Scraped caption text data

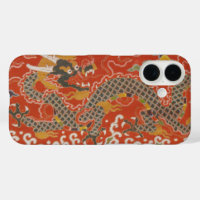 Red Satin Brocade with Cloud Chinese Dragon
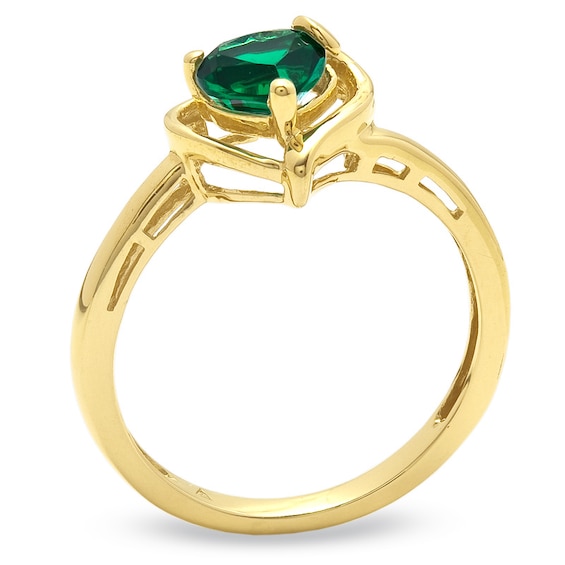 6.0mm Heart-Shaped Lab-Created Emerald and White Sapphire Ring in 10K Gold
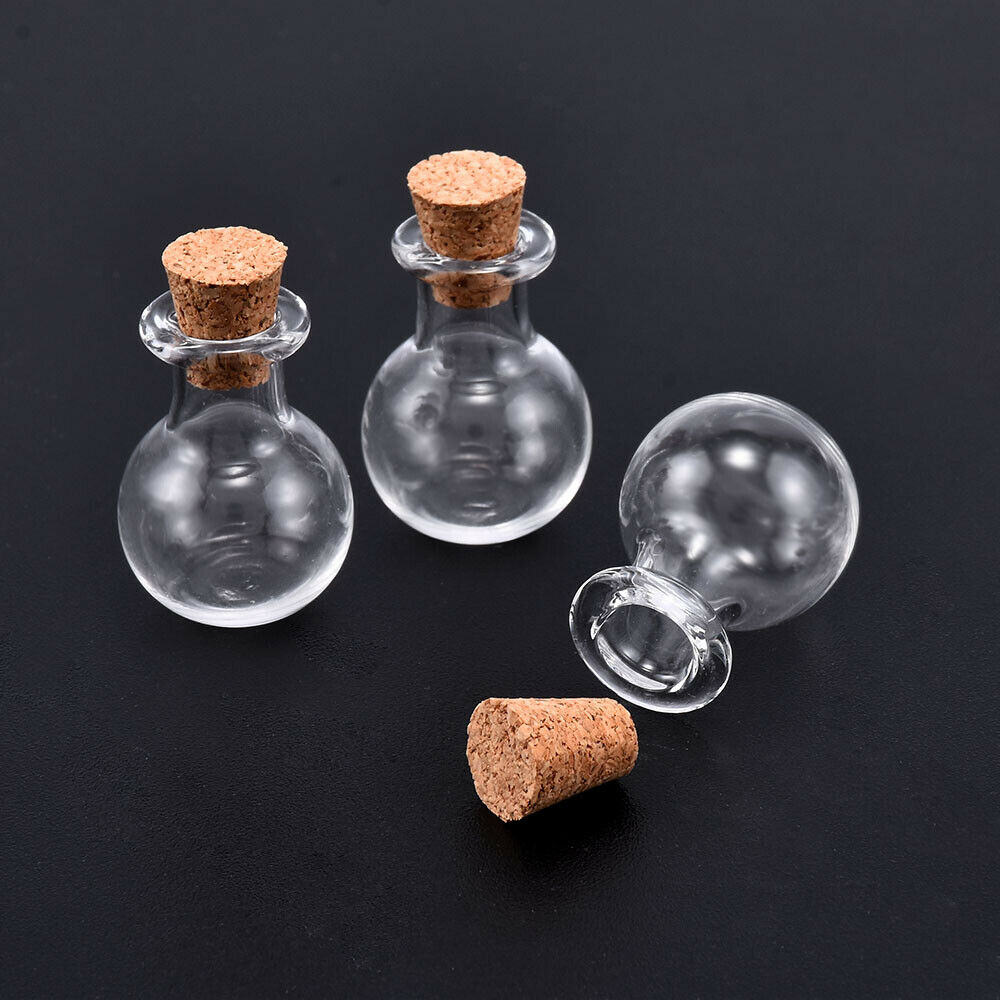 10 x Small Glass Vials With Cork Top Tiny Bottles Little Empty Jars Mini Bottles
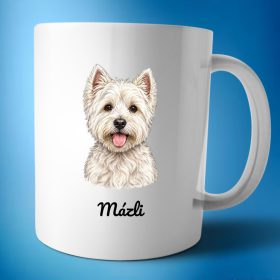 Westie - egyedi névvel bögre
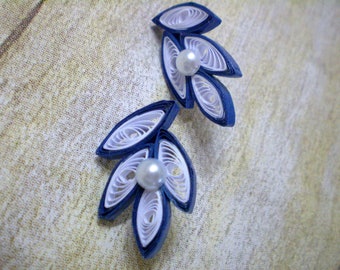 Blue and White Leaf Like Quilled Dangly Earrings, Handmade Paper Earrings, Light Weight Earrings for Women, Flower Earrings Dangle
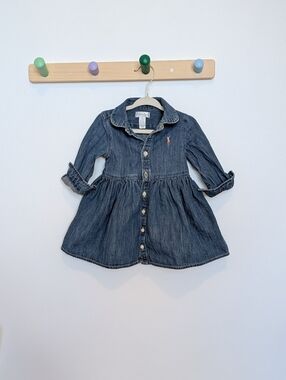 Ralph Lauren - 9M - Denim Dress For Baby Girl - Blue Cottagecore Cowgirl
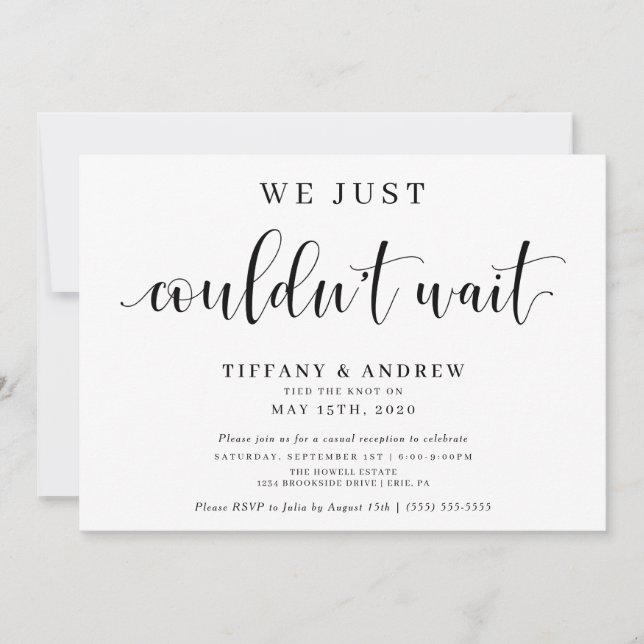 We Just Couldn't Wait Wedding Announcement (Front)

**PROBLEM:** Reproduce only the lines between the line with "10 x Small Glass" and the final line of the records, both included, so that the copy matches them exactly and contains no pictures.

**REPLY TO THE TASK:**
 10 x Small Glass Vials With Cork Top Tiny Bottles Little Empty Jars Mini Bottles
 Westie - egyedi névvel bögre
 Blue and White Leaf Like Quilled Dangly Earrings, Handmade Paper Earrings, Light Weight Earrings for Women, Flower Earrings Dangle
 Ralph Lauren - 9M - Denim Dress For Baby Girl - Blue Cottagecore Cowgirl
 We Just Couldn't Wait Wedding Announcement (Front)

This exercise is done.